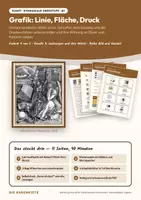 Vorschau - Stundenentwürfe - Grafik: Linie, Fläche, Druck — Kunst Oberstufe Q1: Doppelstunde mit Begriffskarten, 4 Arbeitsblättern und Lösungen - Deckblatt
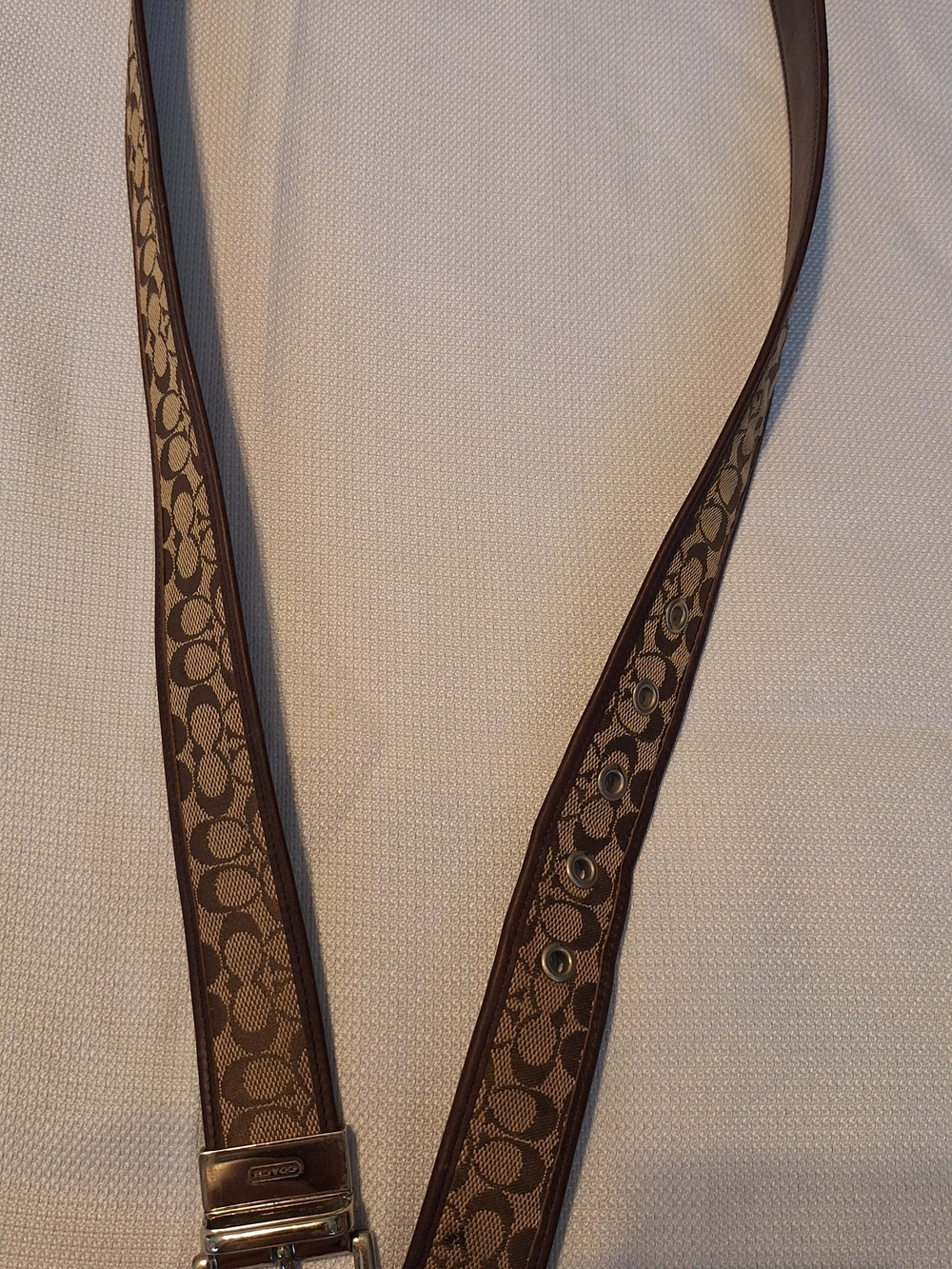 Coach Signature Logo canvas leather Belt Brown/Beige Men's Size 40 Made In Italy - Picture 7 of 8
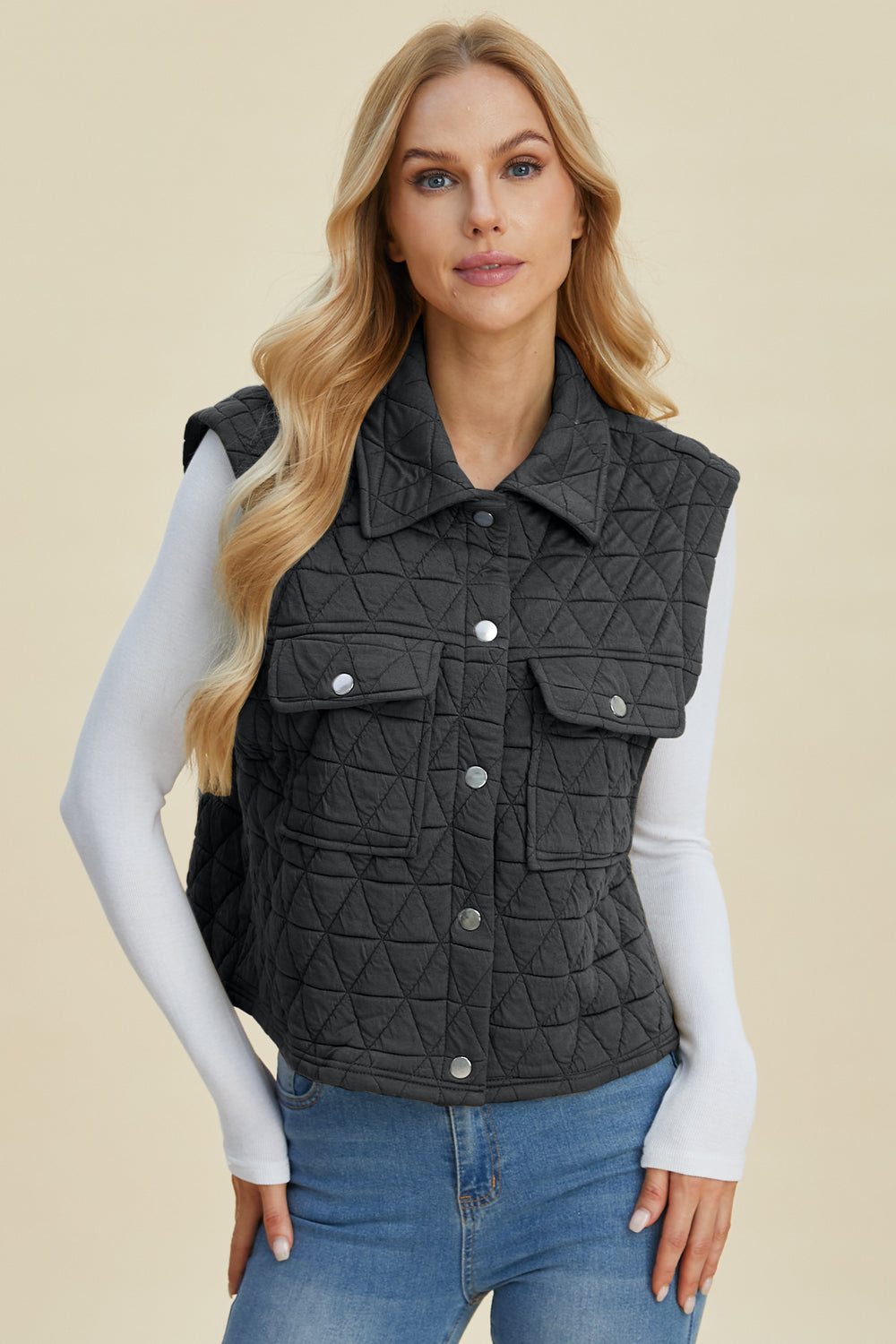 Double Take Full Size Pocketed Texture Snap Down Vest Coat - -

PROMPT: Repeat the data word for word, minus any pictures.

TASK ANSWER:
 Vorschau - Stundenentwürfe - Grafik: Linie, Fläche, Druck — Kunst Oberstufe Q1: Doppelstunde mit Begriffskarten, 4 Arbeitsblättern und Lösungen - Deckblatt
 Coach Signature Logo canvas leather Belt Brown/Beige Men's Size 40 Made In Italy - Picture 7 of 8
 Double Take Full Size Pocketed Texture Snap Down Vest Coat - -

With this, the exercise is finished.